The DNA complexes of 2,5-diaziridinylbenzoquinone and 3,6-dimethyl-2,5-diaziridinylbenzoquinone. A molecular mechanics study.

Computer modeling has been used to study the non-covalent interaction of the quinone and hydroquinone forms of 2,5-diaziridinyl-1,4-benzoquinone (DZQ and DZHQ, respectively) and its 3,6-dimethyl derivative (MeDZQ, MeDZHQ) with DNA. Calculations were performed using DNA duplexes containing 5'-TGCA and 5'-TGTC binding sites. The results allow a rationalization of the sequence selectivity of DNA alkylation exhibited by these ligands. For DZHQ a preference for binding to the TGCA site, over the TGTC site, was predicted for a range of diverse ligand/DNA orientations. The ligand preferentially adopts a position orthogonal to the base pair planes. The complex is stabilized by guanine N7 to ligand OH hydrogen bonds at the GC step. The stability of the TGTC complexes of DZHQ is reduced by a clash between the thymine methyl of the GTC sequence and the ligand. In MeDZHQ/TGCA complexes, a similar clash causes the aromatic ring plane to rotate about 45 degrees from the base pair planes. The most stable orientation of the MeDZHQ/TGTC complex has the ligand symmetrically disposed about the T-A base pair in the center of the GTC site, with hydrogen bonds formed between both ligand hydroxyl groups and guanine N7 atoms on opposite strands. For all four complexes, a secondary energy minimum was located for an orientation in which the face of the aromatic ring interacts with a thymine methyl group.
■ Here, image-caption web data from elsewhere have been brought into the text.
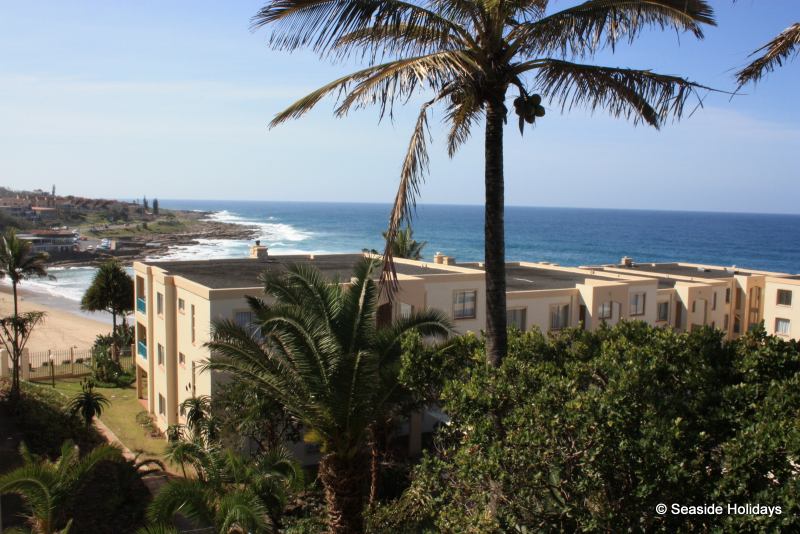 122 Laguna La Crete Uvongo, South Africa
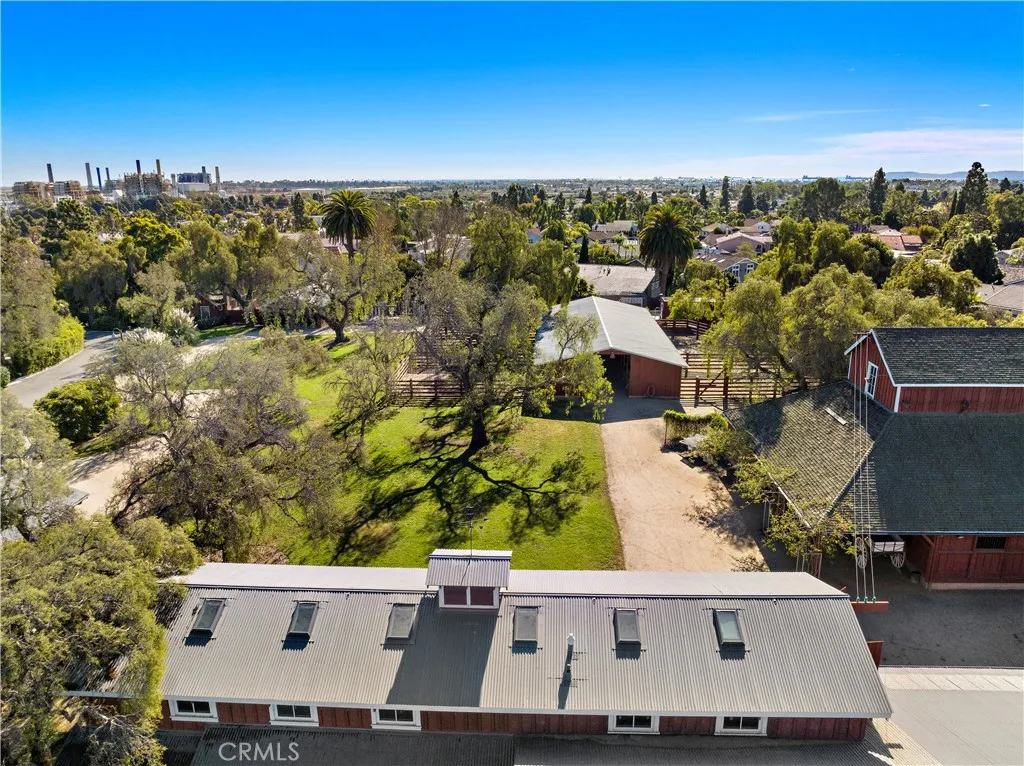 Additional image 57 of 905 N Hillside, Long Beach, CA 90815
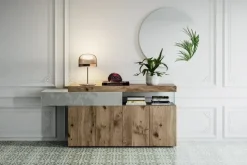 Madia Madia 09922 lago di Lago a prezzi outlet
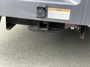 rear-hitch-rack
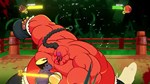 Thunder Ray Forgotten Duels (steam key) DLC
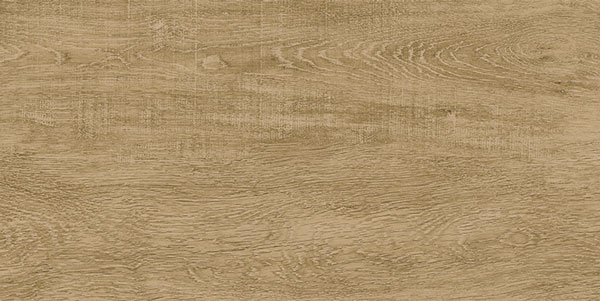 Gạch ốp lát 30x60 Bạch Mã HE36033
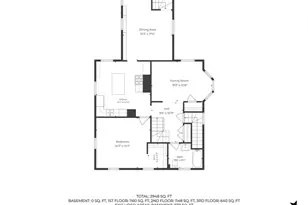 14 Wabon St, Boston, MA 02121 - Photo 39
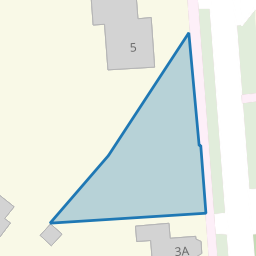 Perceel WEE01-N-6194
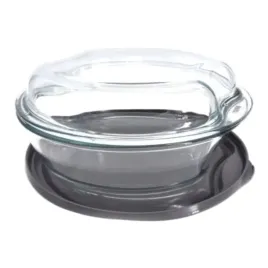 naczynie-zaroodporne-z-pokrywka-zamknieciem-4-1l-szklane-do-piekarnika
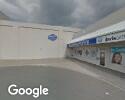 Exterior picture of York Optical Laboratories Inc
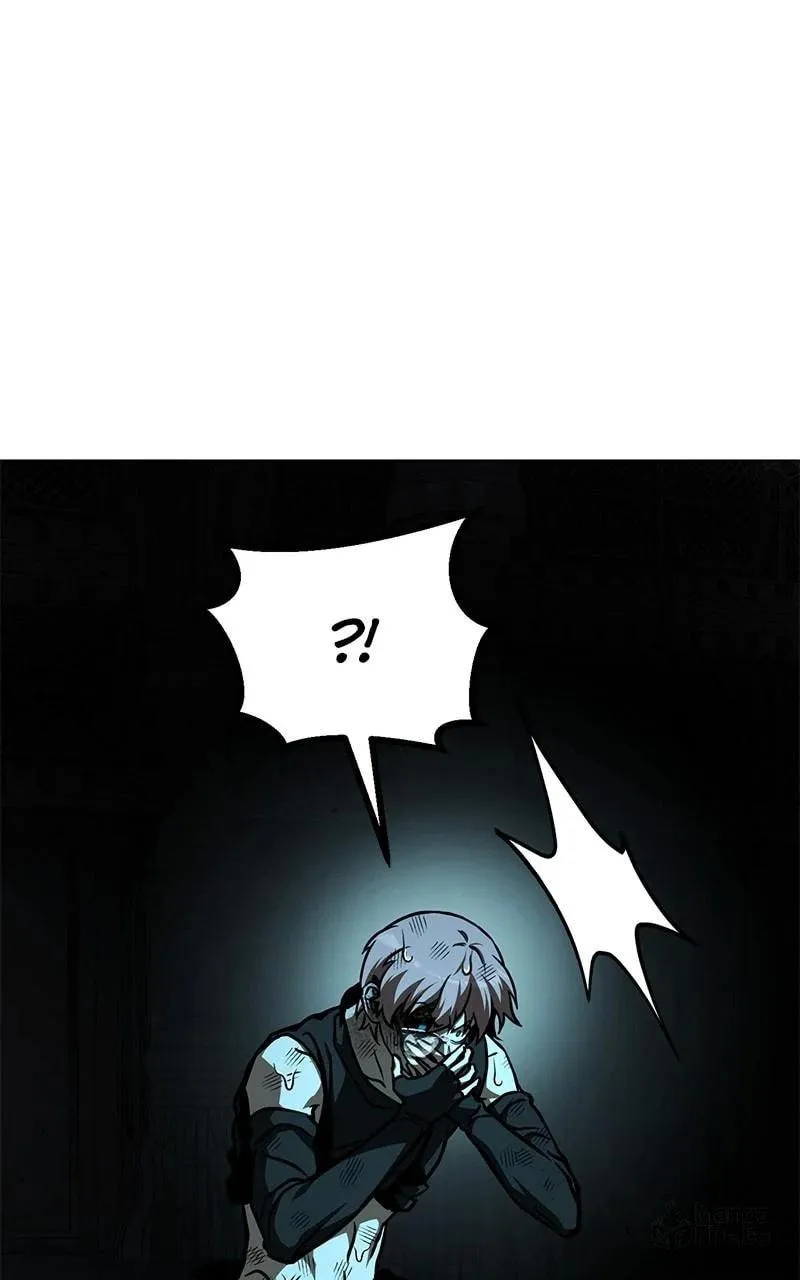 Hero the Maximum Chapter 61 page 18 - 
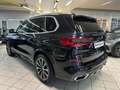 BMW X5 xDrive30d Msport FULL OPTIONAL - IVA ESP Blau - thumbnail 4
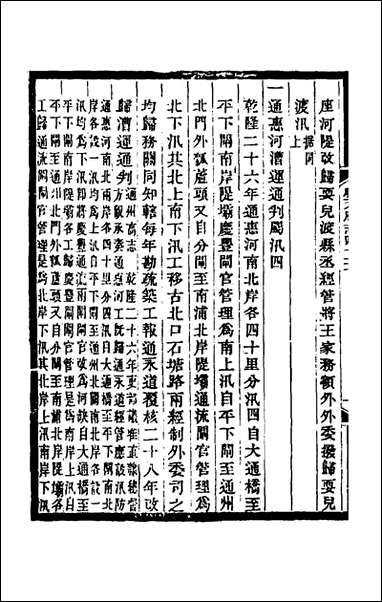 [下载][光绪顺天府志]二十七_佚名纂修.pdf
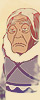 Gran Gran Avatar Character Profile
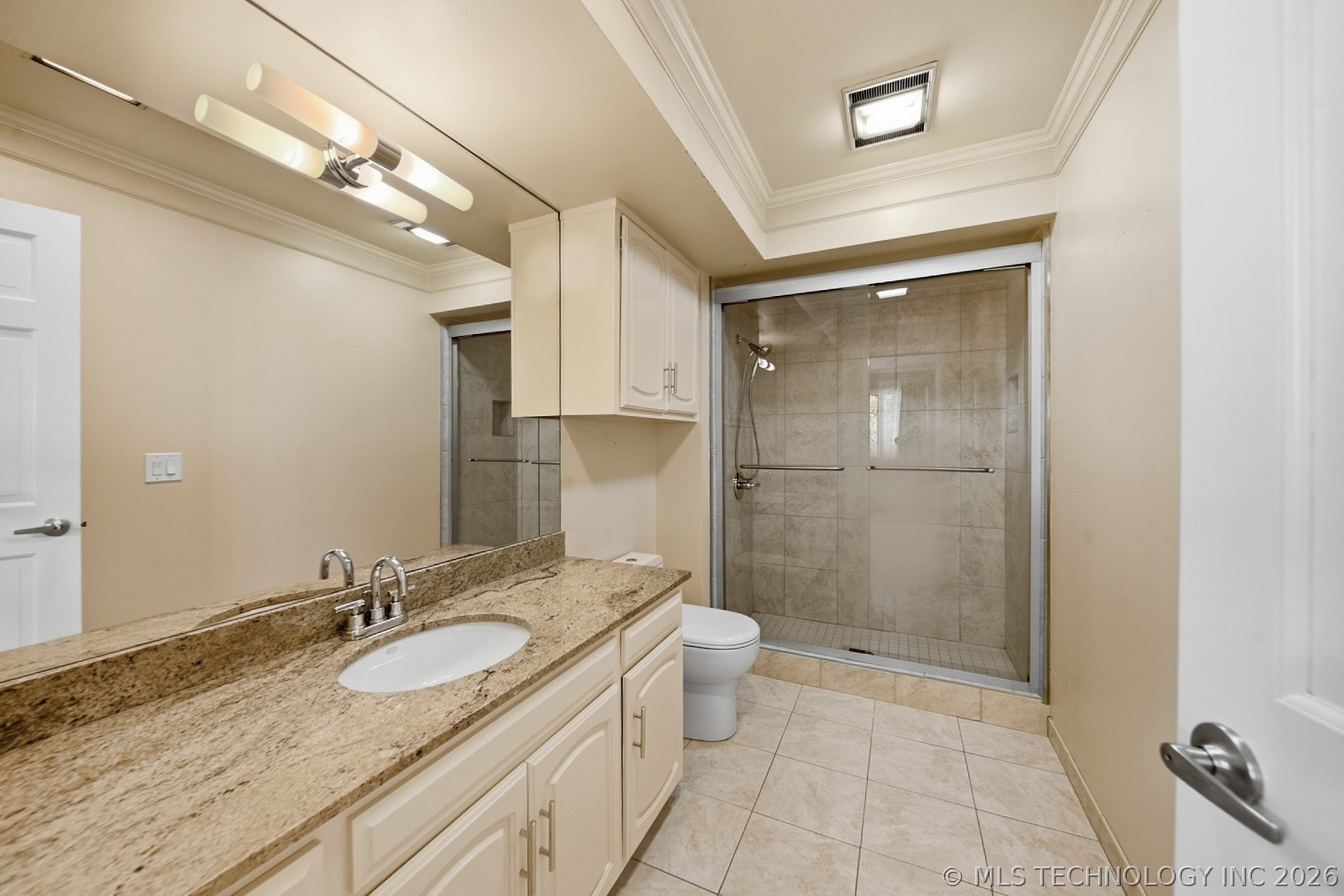 7426 S Gary Place Property Photo 29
DZQ complexation is favored at the TGCA site, whereas for MeDZQ the lowest energy complexes were obtained for binding at the TGTC site. The major determinant of the strength of the non-covalent interaction for all the quinone complexes was the angle between the plane of the aromatic ring and the base pair plane. The binding interaction of the quinone forms with an adenine tract was also studied. In this case, the ligand location follows a contour defined by the thymine methyl groups. Both quinones bound less effectively to this sequence than to either the TGCA or TGTC sites.